Prediction of Diabetics using Machine Learning
G. Geetha1, K.Mohana Prasad2

1G. Geetha *, 1Research Scholar, Sathyabama Institute of Science and Technology, Chennai.
2Dr.K.Mohana Prasad, Associate Professor, Sathyabama Institute of Science and Technology, Chennai.
Manuscript received on January 02, 2020. | Revised Manuscript received on January 15, 2020. | Manuscript published on January 30, 2020. | PP: 1119-1124 | Volume-8 Issue-5, January 2020. | Retrieval Number: E6290018520/2020©BEIESP | DOI: 10.35940/ijrte.E6290.018520

Open Access | Ethics and Policies | Cite | Mendeley
© The Authors. Blue Eyes Intelligence Engineering and Sciences Publication (BEIESP). This is an open access article under the CC BY-NC-ND license (

Abstract: Around 50.9 Million People in India suffer from diabetics and Tamil Nadu stands second in the list of Indian states. The main objective of this paper is to develop prediction modeling of the given medical data of patients with and without diabetics. Through this paper, we aim to create hybrid models that can be easily used by doctors to treat patients with diabetics. Naïve Bayes and Random forest algorithms are used to predict whether a person having diabetics or not, by keeping his health conditions in mind. Thus this process enables doctors to easily group, classify and categorize the disease type accordingly treatment can be given to them. We split the Dataset into 1) Training set and 2) Testing Set and perform analysis on them. The Pima Indian dataset was used to study and analyze the data, alongside with data mining techniques. It is the data obtained from the National Institute for Diabetics patients which contains n number of medical predictor variables and one target variable. Initially, we replace the null values that are there in the dataset with the mean values of the respective columns. We then split the dataset into different ways to perform analysis on them: 85/15, 80/20, 70/30, 60/40. After procuring the data set, we apply Naïve Bayes and Random Forest algorithms on this. The Naïve Bayes algorithm is used here to find the probability of the independent features/columns. The data set is given as an input and the prediction takes place according to the NB Model.
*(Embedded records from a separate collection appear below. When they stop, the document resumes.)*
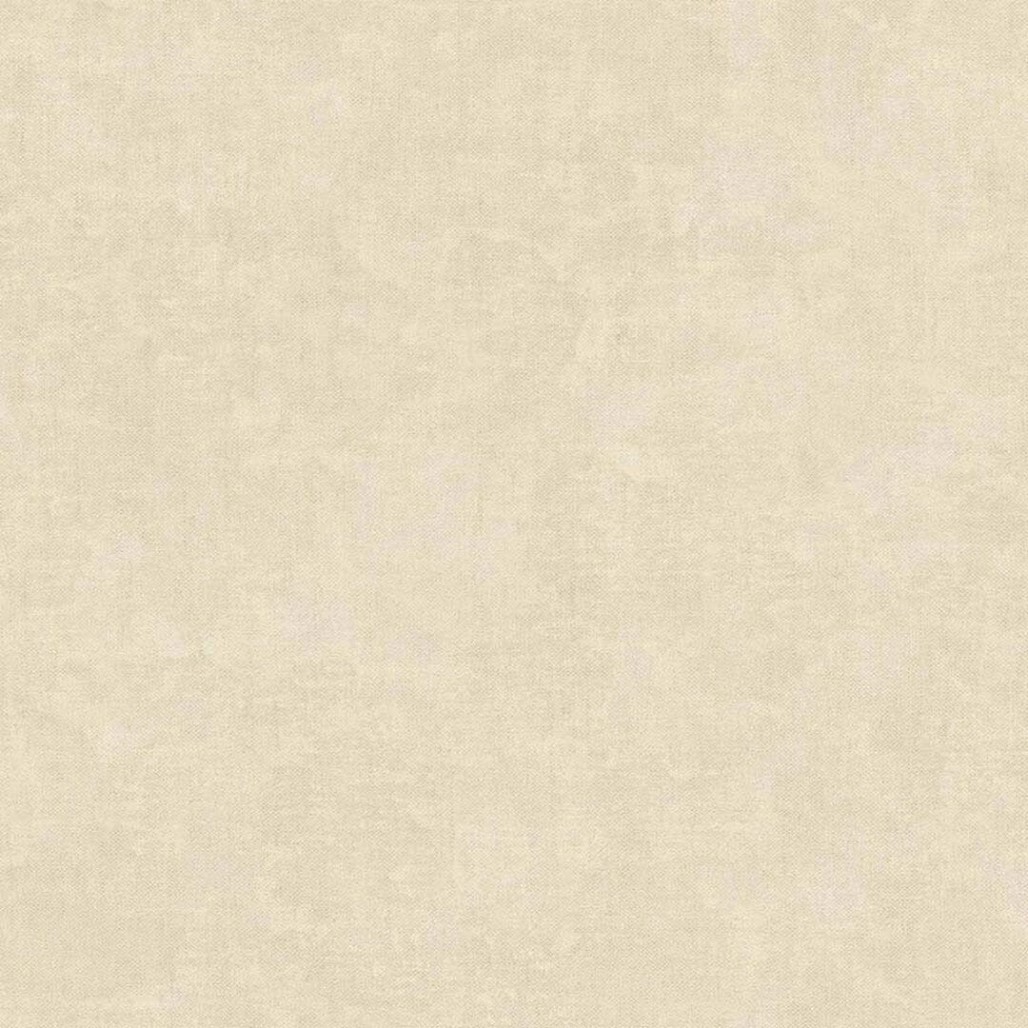 304bbbcfa3dbf29aaf13f16dff4841b5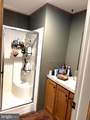 29 Cooper Mountain View - Photo 20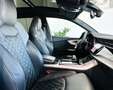 Audi Q8 3.0 tdi 286cv Grau - thumbnail 10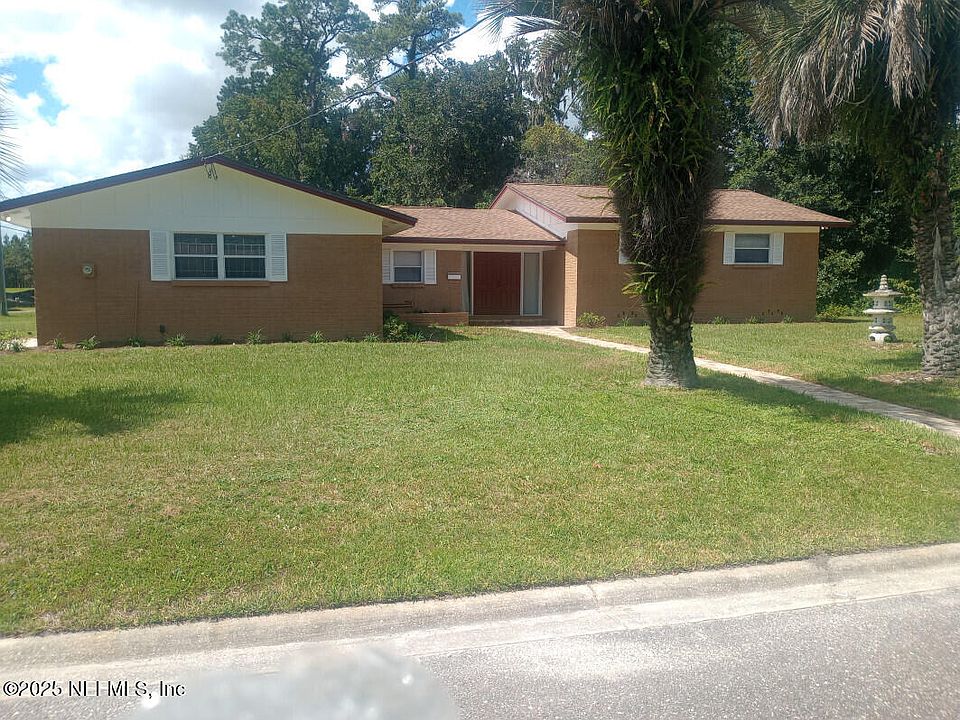 1st image of 6108 LEONTYNE PRICE Court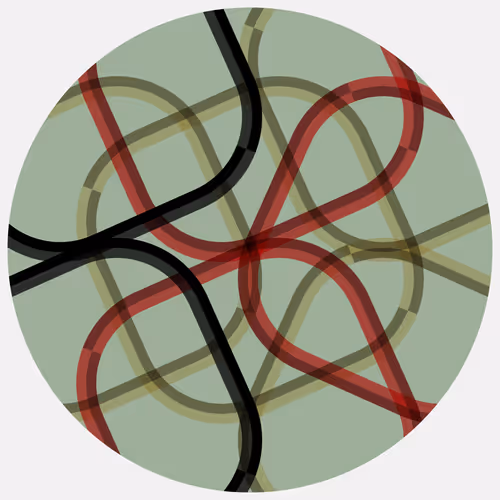 Item #166000970 Media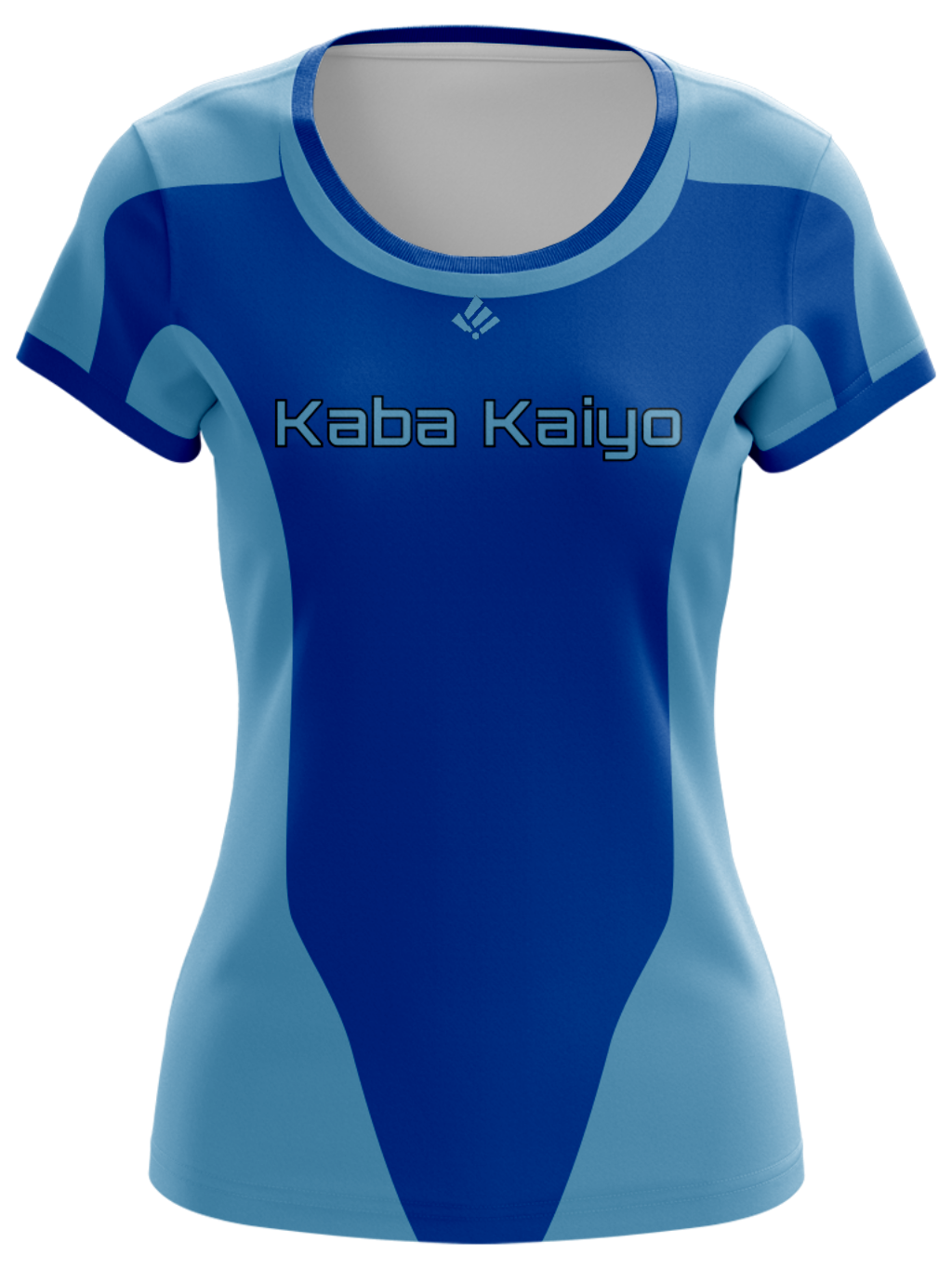 Rendered product preview, front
The Random Forest algorithm is used here in order to perform feature selection. It takes n inputs from the dataset and builds numerous uncorrelated decision trees during the time of training. It then displays the class that is the mode of all of the class outputs by individual trees.
Keywords: Diabetics, Machine learning, Random Forest, Data mining, Naïve Bayes Classification.
Scope of the Article: Machine Learning.